DESPUÉS DE LA RESURRECCIÓN DE LÁZARO, los sumos sacerdotes y los fariseos convocaron el Sanedrín y dijeron: «¿Qué hacemos, puesto que este hombre realiza muchos signos? Si le dejamos así, todos creerán en él; y vendrán los romanos y destruirán nuestro lugar y nuestra nación» (Jn 11,47-48). Entonces Caifás, que era el sumo sacerdote, tomó la palabra: «Conviene que un solo hombre muera por el pueblo y no que perezca toda la nación» (Jn 11,50). A partir de ese momento, el evangelista señala que las autoridades judías «habían dado órdenes de que si alguien sabía dónde estaba, lo denunciase, para poderlo prender» (Jn 11,57).
Muchas de esas autoridades llevaban ya bastante tiempo con la idea de acabar con Jesús, pero hasta ese momento no habían tomado una resolución firme. La resurrección de Lázaro les hizo tomar la decisión definitiva. Por eso, Caifás concluye que conviene que Jesús muera. Los allí presentes se convencen de haber adoptado una resolución justa, pues así evitarían que temblara la frágil paz pactada con las autoridades romanas y que las represalias acaben con el pueblo judío, aunque esta no era la verdadera razón por la que perseguían a Cristo.

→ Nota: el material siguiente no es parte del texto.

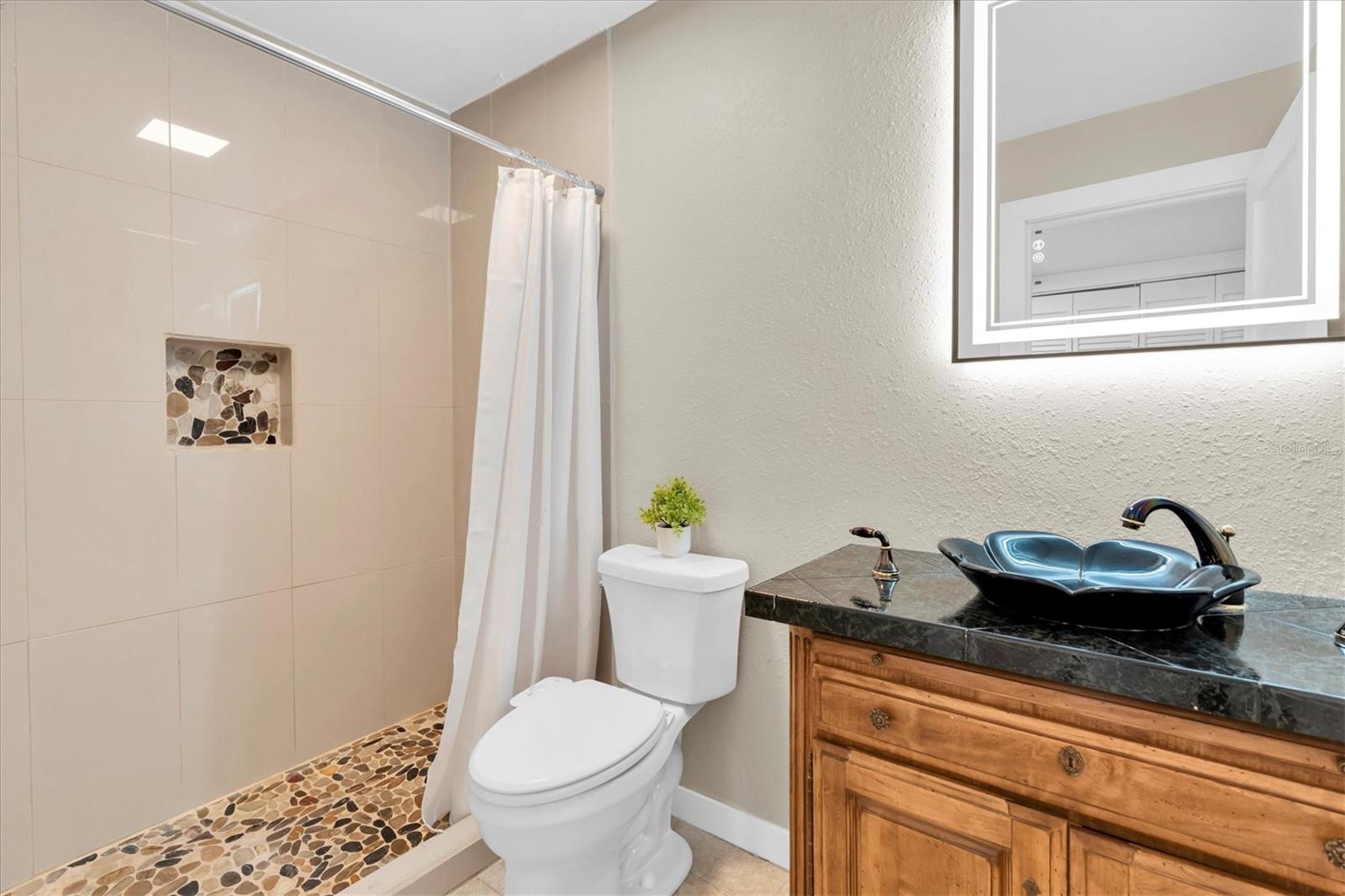 Image 29 of 34 For 8350 Savannah Trace Circle 1605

Este modo de proceder refleja, de alguna manera, el proceso de toda tentación. «Generalmente actúa así: comienza con poco, con un deseo, una idea, crece, contagia a otros y, al final, se justifica»1. Y el corazón, sugestionado por la pasión, muchas veces se convence de la justicia torcida de este pensamiento. Pero el día a día del cristiano está marcado también por las inspiraciones del Espíritu Santo; Dios nos presenta numerosas ocasiones para enderezar nuestros impulsos hacia «los bienes eternos prometidos»2. Podemos pedirle al Paráclito que nos ayude a ser dóciles a sus consejos, a acoger las llamadas que nos dirige, y que nos conceda la sabiduría para no engañarnos con alguna tentación pasajera.
1 Francisco, Homilía, 4-IV-2020.
2 Oración sobre las ofrendas, Sábado V de Cuaresma.